Thomas Tindall Wildridge

Background

Thomas Tindall Wildridge (1858-1928) was a librarian, antiquarian, artist and author. He was born in the St Pauls area of Sculcoates in 1858, the son of Elizabeth and Thomas Wildridge, a local timber merchant. After attending Hull Grammar School, Thomas Tindall Wildridge was employed in the Hull Dock Offices before being appointed as Records Clerk to the Hull Municipal Corporation in 1884.
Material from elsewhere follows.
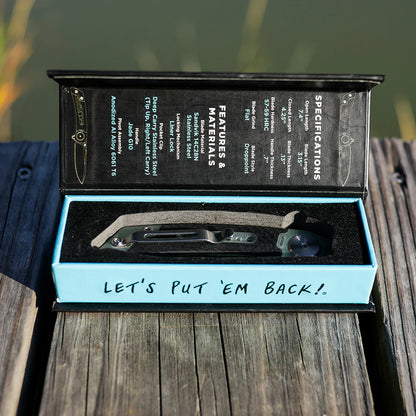 Open knife box with a knife inside on a wooden surface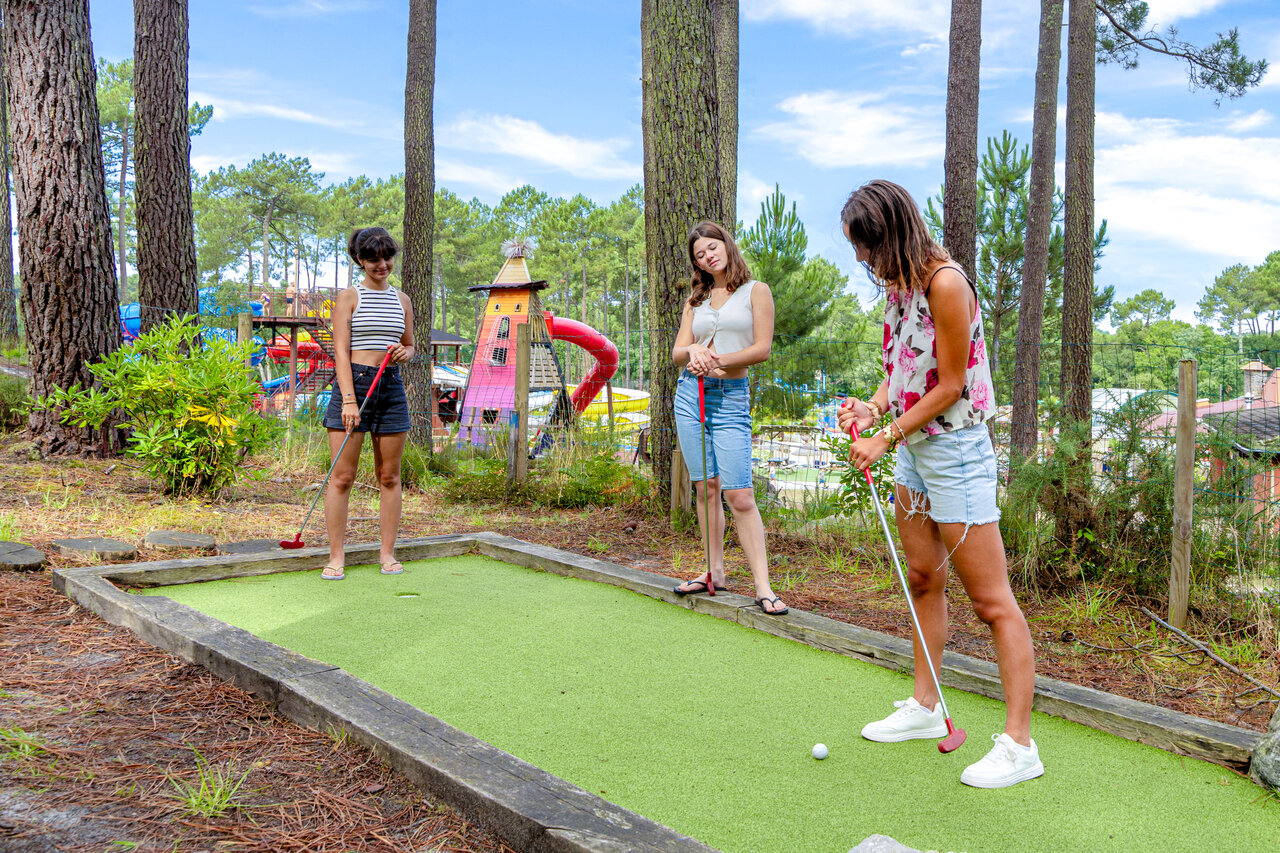 Mini-golf avec jeunes femmes jouant, entour� de pins au camping CAPFUN Landisland � Moliets-et-Maa.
Two years earlier, in 1882, Wildridge had presented a report to the Corporation’s Property Committee suggesting there was a need for a full time records clerk and the establishment of a specific records service. He went on to offer his own services in that role, which, after some thought, the Corporation decided to accept, with most of his time to be spent on indexing. In December 1892, Wildridge submitted a translation of the Charter granted to Hull by Edward I in 1299, and indicated it would take a minimum of three months to transcribe the town's other charters. Despite delivering some 144 cwt of records for destruction, he managed to catalogue many more, although a report in July of the following year indicated progress had been slow. Wildridge suggested this was due to the sheer volume of work and an initial miscalculation as to the time it would take. However, the Committee recommenced dispensing with Wildridge’s services at the end of three months and requested him to have finished then, and by 1894 Wildridge had been dismissed.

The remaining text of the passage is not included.